_Task item:_
Nothing but the lines from the one showing "Наушники с микрофоном Yealink UH35 Наушники" through the final line of the data below belongs in the answer, duplicated exactly and without pictures.

_Material for this task:_
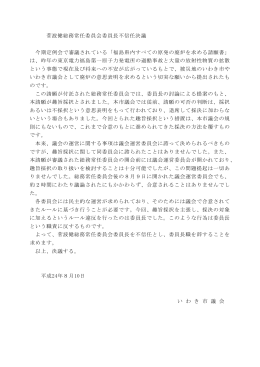 菅波健総務常任委員会委員長不信任決議（PDF形式 92.6KB）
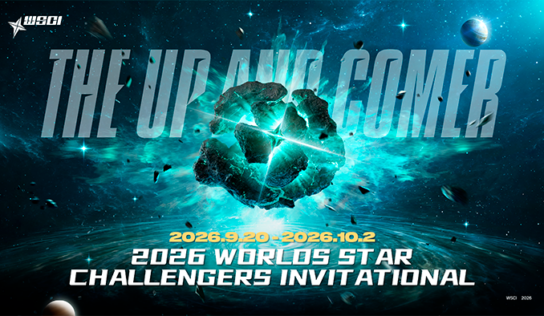 Riot Games presenta el 2026 World Star Challengers Invitational de League of Legends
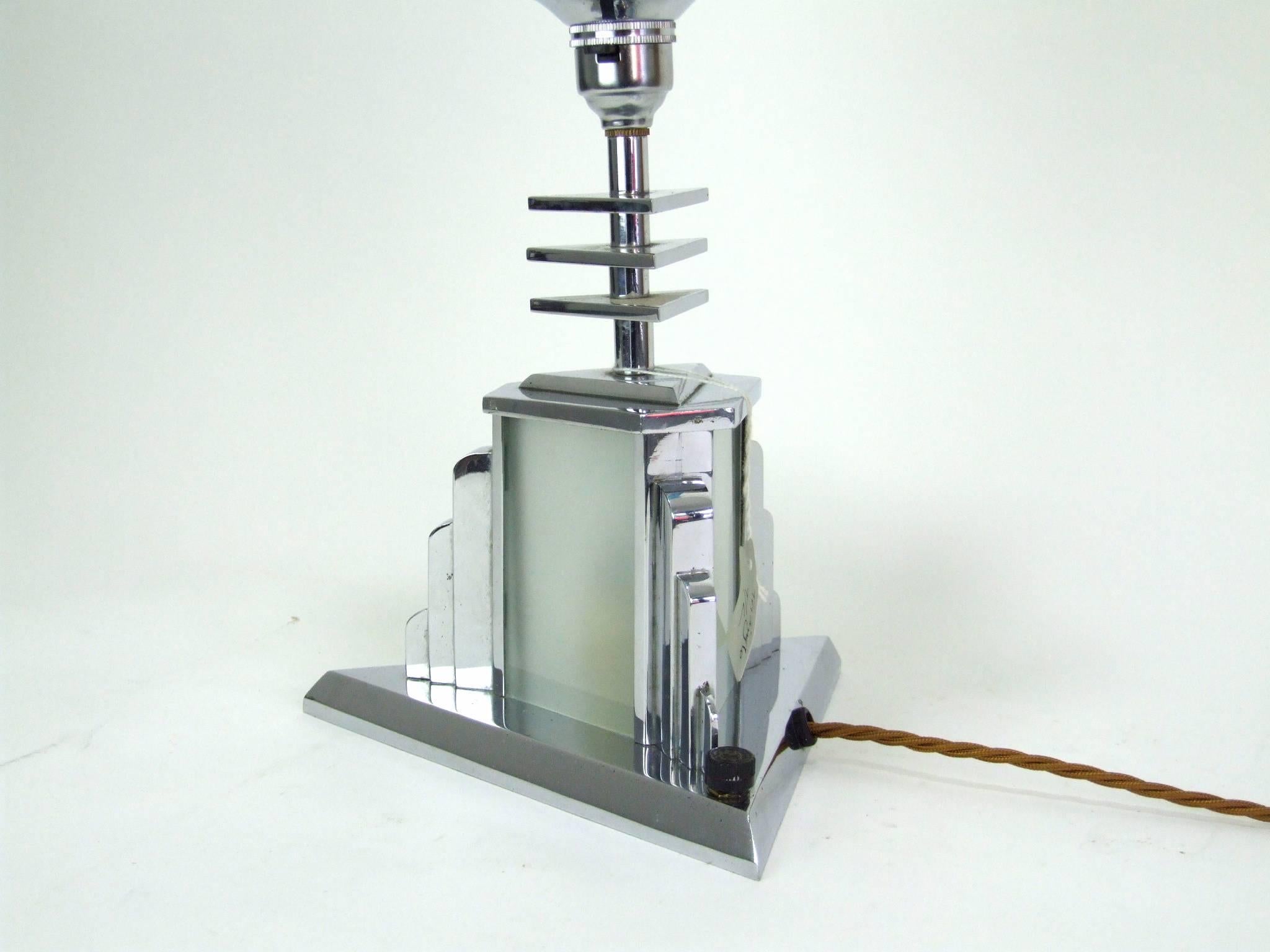 Mid-20th Century French Modernist Table Lamp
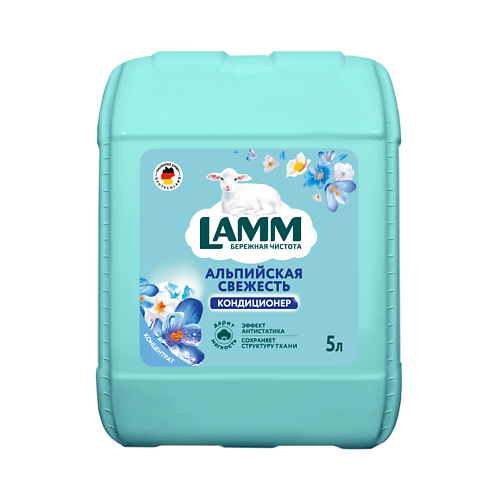 LAMM Кондиционер для белья Альпийская свежесть 5000 #1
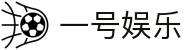 一号娱乐（中国）官网 - 一号娱乐app官方下载入口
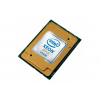 Процессор Intel Xeon Gold 6448Y LGA4677: 32 ядра, 64 потока, 2.1/4.1GHz, 60MB кеша для мощных серверов
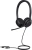 Наушники с микрофоном Yealink UH35 Наушники с микрофоном Yealink UH35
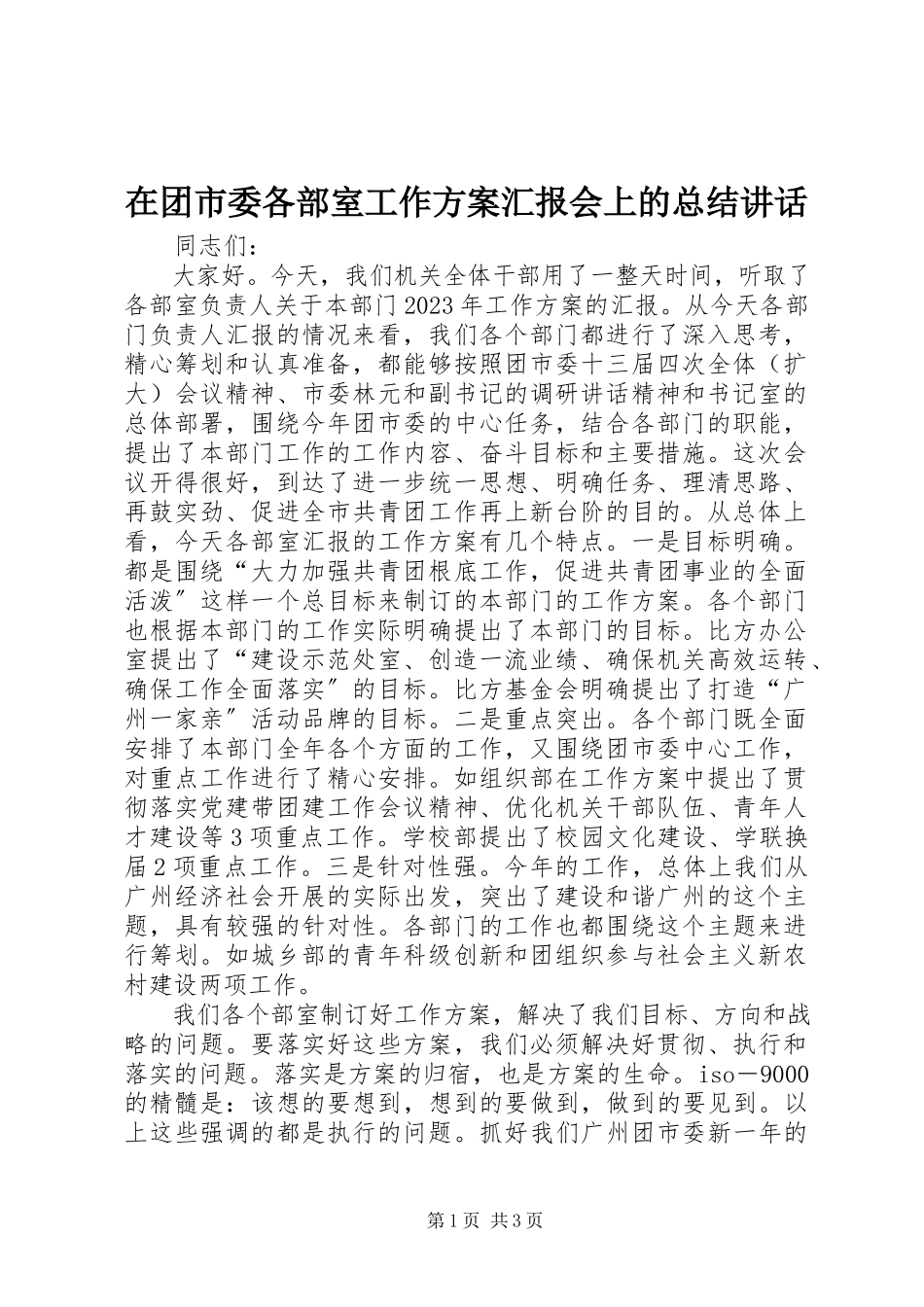 2023年在团市委各部室工作计划汇报会上的总结致辞.docx_第1页
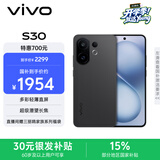 vivo S30 12GB+256GB 可可黑 国家补贴 多彩轻薄直屏 超级潜望长焦 学生 live图 AI手机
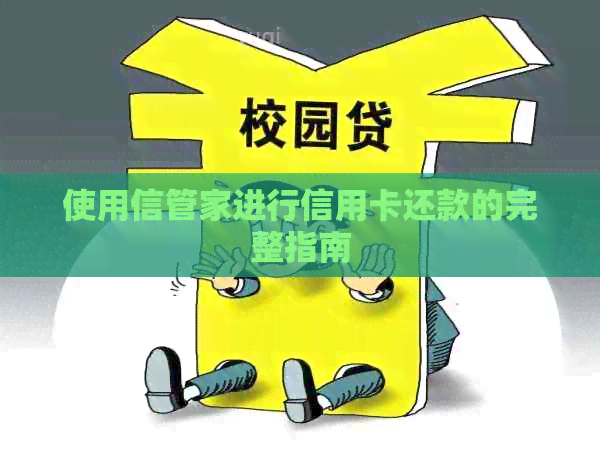 使用信管家进行信用卡还款的完整指南
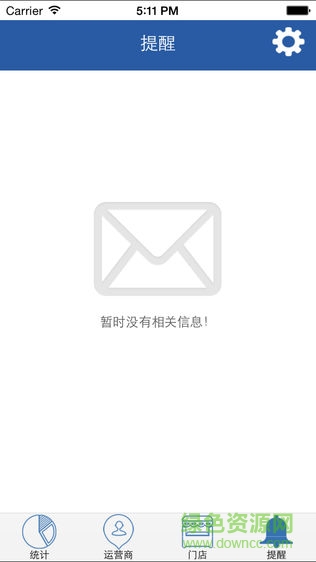 得民云助手 v1.0.6 安卓版 2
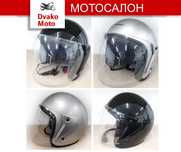 Мото шлем открытый (полулицевик) Mototoech Z122, S, M для скутера!!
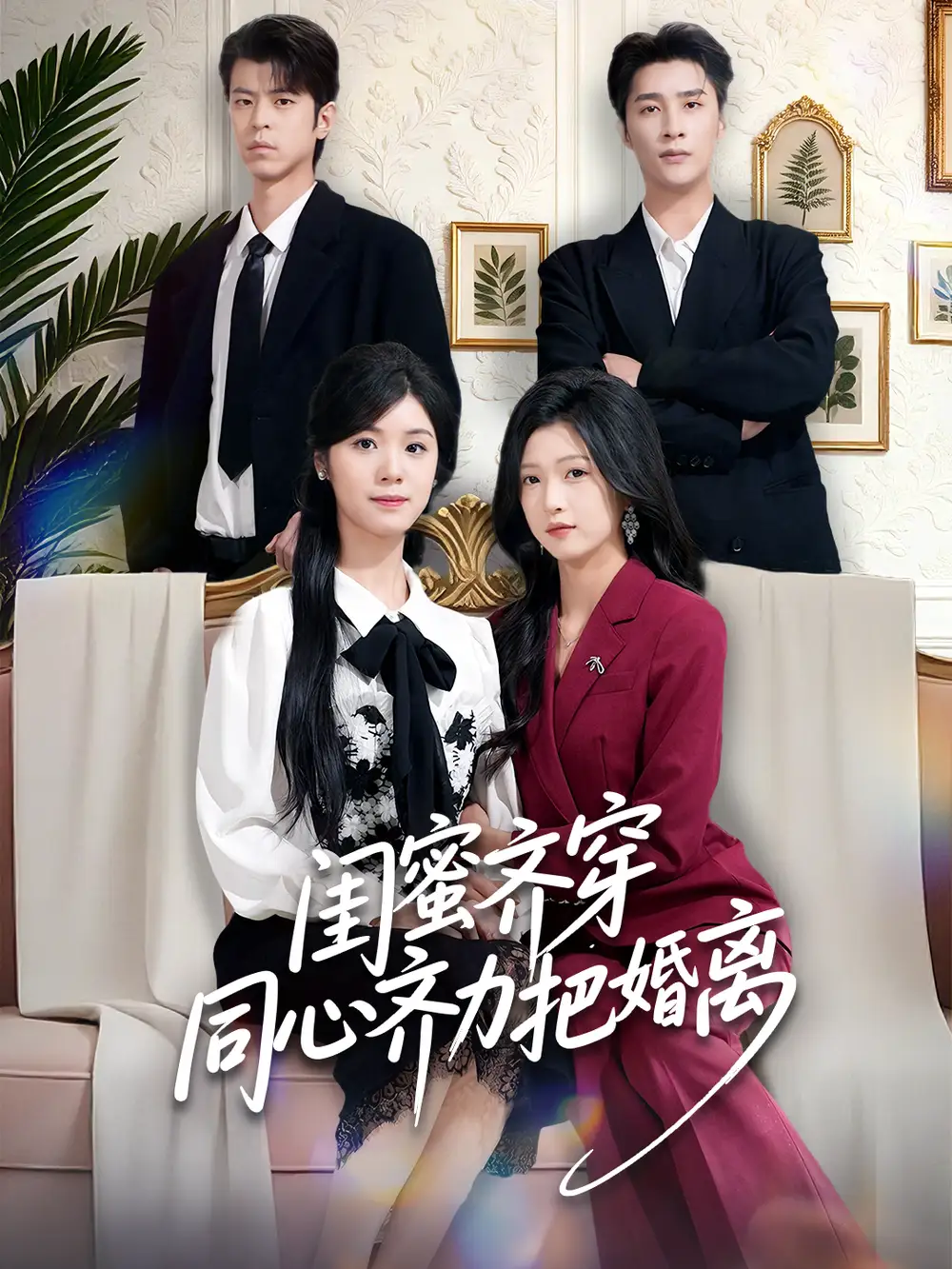 闺蜜齐穿同心齐力把婚离 - 短剧短剧海报图片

_Task result:_
 Наушники с микрофоном Yealink UH35 Наушники с микрофоном Yealink UH35
 2023年在团市委各部室工作计划汇报会上的总结致辞.docx_第1页
 vivo S30 12GB+256GB 可可黑 国家补贴 多彩轻薄直屏 超级潜望长焦 学生 live图 AI手机
 使用信管家进行信用卡还款的完整指南
 得民云助手 v1.0.6 安卓版 2
 Мото шлем открытый (полулицевик) Mototoech Z122, S, M для скутера!!
 闺蜜齐穿同心齐力把婚离 - 短剧短剧海报图片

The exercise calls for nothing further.